*** Opening of RECORDS TO USE ***
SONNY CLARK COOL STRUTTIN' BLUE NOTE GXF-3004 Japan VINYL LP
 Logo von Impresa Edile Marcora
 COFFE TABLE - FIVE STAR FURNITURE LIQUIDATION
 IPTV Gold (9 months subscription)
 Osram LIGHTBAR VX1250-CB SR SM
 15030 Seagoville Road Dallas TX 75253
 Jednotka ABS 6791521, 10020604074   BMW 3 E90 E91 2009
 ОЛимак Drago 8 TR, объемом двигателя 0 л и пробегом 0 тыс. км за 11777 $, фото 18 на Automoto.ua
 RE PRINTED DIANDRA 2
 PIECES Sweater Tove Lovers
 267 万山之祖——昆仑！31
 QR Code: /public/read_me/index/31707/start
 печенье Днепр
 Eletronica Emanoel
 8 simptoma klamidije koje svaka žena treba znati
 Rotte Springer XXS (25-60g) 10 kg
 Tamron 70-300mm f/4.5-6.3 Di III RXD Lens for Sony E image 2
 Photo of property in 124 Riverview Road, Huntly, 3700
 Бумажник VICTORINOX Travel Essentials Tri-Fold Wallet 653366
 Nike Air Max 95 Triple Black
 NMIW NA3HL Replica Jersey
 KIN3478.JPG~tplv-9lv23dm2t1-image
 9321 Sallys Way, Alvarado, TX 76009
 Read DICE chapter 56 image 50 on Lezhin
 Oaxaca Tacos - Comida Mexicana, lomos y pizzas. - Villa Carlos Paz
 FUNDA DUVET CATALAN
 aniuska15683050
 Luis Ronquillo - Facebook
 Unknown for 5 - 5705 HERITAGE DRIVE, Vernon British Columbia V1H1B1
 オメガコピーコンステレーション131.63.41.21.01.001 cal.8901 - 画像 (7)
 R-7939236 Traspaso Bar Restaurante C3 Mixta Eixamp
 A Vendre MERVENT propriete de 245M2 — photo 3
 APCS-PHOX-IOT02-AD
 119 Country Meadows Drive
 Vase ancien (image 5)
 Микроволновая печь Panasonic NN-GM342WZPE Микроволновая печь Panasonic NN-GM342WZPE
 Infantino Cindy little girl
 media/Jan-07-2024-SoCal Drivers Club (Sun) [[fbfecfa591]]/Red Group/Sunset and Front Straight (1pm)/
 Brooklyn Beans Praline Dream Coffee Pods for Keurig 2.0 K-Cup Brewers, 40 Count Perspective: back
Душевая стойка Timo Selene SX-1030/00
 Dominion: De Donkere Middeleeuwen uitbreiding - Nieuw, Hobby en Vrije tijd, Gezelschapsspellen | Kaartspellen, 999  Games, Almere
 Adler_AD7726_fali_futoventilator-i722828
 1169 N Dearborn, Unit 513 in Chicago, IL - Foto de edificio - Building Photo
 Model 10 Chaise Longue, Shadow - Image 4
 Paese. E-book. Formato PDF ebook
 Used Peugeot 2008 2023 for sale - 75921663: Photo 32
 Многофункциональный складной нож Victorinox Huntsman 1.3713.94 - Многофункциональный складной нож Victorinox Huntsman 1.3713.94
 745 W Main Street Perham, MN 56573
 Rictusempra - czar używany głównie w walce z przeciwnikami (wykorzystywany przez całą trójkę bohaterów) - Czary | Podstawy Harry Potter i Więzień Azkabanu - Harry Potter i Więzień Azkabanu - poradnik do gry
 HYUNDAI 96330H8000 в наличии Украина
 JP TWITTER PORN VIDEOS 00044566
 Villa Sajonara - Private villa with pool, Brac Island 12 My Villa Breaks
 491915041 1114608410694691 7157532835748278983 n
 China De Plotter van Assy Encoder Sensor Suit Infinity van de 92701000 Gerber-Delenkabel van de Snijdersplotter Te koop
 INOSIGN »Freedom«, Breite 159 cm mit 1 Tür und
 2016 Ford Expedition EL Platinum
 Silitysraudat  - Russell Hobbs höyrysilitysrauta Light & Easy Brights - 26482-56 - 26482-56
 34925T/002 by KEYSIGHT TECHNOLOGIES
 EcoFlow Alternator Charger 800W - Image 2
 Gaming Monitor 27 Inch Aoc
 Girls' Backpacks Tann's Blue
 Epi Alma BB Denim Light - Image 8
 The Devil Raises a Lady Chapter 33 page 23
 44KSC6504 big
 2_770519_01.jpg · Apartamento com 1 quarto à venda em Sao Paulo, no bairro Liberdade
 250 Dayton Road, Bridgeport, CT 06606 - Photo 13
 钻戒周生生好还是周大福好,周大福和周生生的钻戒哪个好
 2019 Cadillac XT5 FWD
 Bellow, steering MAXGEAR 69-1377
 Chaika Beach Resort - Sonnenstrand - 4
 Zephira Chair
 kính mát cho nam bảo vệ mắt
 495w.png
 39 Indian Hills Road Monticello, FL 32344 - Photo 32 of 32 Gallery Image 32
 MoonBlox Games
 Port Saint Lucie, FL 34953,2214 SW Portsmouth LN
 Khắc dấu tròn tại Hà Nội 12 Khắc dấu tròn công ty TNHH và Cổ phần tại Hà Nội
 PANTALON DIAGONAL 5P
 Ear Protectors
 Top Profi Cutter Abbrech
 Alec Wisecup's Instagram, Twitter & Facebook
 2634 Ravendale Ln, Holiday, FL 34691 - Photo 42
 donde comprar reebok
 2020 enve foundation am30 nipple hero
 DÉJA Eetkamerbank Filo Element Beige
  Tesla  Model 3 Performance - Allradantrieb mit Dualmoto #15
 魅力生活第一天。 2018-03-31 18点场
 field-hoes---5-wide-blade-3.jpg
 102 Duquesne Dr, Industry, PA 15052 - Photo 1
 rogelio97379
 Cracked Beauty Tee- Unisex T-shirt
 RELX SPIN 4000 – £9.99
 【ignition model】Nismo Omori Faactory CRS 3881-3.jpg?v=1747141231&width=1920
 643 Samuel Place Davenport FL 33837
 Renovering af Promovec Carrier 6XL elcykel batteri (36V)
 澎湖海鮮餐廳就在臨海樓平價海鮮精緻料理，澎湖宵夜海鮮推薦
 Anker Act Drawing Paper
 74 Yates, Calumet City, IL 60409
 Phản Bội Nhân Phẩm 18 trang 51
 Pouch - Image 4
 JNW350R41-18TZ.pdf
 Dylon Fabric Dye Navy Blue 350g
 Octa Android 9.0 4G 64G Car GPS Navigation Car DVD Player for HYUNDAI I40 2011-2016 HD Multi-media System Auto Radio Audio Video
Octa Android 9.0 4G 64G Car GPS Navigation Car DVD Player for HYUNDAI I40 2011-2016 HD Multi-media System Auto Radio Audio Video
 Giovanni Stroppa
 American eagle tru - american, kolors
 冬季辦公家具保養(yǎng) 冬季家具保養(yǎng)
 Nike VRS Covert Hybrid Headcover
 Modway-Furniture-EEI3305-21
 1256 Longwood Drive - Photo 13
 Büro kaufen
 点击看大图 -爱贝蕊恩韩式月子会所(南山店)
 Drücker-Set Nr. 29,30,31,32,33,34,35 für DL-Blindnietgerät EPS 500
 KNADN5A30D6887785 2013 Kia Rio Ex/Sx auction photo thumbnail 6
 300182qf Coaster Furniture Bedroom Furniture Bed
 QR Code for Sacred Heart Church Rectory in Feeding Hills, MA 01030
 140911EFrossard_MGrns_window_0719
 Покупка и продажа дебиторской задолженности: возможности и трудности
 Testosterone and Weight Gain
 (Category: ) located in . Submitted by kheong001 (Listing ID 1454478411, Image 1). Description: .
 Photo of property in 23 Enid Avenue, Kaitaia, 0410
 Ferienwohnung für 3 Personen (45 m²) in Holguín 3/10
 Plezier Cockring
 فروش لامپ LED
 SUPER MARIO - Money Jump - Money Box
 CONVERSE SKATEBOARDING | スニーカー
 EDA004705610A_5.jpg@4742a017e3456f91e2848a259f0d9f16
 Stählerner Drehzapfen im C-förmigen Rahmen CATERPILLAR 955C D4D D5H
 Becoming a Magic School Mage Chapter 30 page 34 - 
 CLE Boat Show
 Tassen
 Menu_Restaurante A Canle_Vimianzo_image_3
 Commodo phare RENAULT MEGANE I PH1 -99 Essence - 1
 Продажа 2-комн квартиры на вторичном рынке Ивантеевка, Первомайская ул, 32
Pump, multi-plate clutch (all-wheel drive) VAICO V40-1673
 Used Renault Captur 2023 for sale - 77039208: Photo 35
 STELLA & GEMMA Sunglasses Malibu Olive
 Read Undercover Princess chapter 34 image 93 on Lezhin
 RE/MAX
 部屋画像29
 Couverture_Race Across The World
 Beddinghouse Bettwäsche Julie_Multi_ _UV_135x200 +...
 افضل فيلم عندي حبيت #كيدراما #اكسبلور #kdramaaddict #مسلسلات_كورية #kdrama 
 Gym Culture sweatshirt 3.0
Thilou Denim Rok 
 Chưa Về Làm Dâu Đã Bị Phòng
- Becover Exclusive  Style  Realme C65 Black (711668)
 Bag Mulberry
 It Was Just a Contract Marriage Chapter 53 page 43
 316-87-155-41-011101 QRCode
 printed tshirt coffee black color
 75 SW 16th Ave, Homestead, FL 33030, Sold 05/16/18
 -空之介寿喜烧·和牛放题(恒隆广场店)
*** Close of RECORDS TO USE ***
TASK BRIEF: Give back exactly the lines above starting at the line where "Unknown for 5" appears and ending at the line where "745 W Main Street Perham, MN 56573" appears, both included, with no other lines.

EXERCISE RESULT:
 Unknown for 5 - 5705 HERITAGE DRIVE, Vernon British Columbia V1H1B1
 オメガコピーコンステレーション131.63.41.21.01.001 cal.8901 - 画像 (7)
 R-7939236 Traspaso Bar Restaurante C3 Mixta Eixamp
 A Vendre MERVENT propriete de 245M2 — photo 3
 APCS-PHOX-IOT02-AD
 119 Country Meadows Drive
 Vase ancien (image 5)
 Микроволновая печь Panasonic NN-GM342WZPE Микроволновая печь Panasonic NN-GM342WZPE
 Infantino Cindy little girl
 media/Jan-07-2024-SoCal Drivers Club (Sun) [[fbfecfa591]]/Red Group/Sunset and Front Straight (1pm)/
 Brooklyn Beans Praline Dream Coffee Pods for Keurig 2.0 K-Cup Brewers, 40 Count Perspective: back
Душевая стойка Timo Selene SX-1030/00
 Dominion: De Donkere Middeleeuwen uitbreiding - Nieuw, Hobby en Vrije tijd, Gezelschapsspellen | Kaartspellen, 999  Games, Almere
 Adler_AD7726_fali_futoventilator-i722828
 1169 N Dearborn, Unit 513 in Chicago, IL - Foto de edificio - Building Photo
 Model 10 Chaise Longue, Shadow - Image 4
 Paese. E-book. Formato PDF ebook
 Used Peugeot 2008 2023 for sale - 75921663: Photo 32
 Многофункциональный складной нож Victorinox Huntsman 1.3713.94 - Многофункциональный складной нож Victorinox Huntsman 1.3713.94
 745 W Main Street Perham, MN 56573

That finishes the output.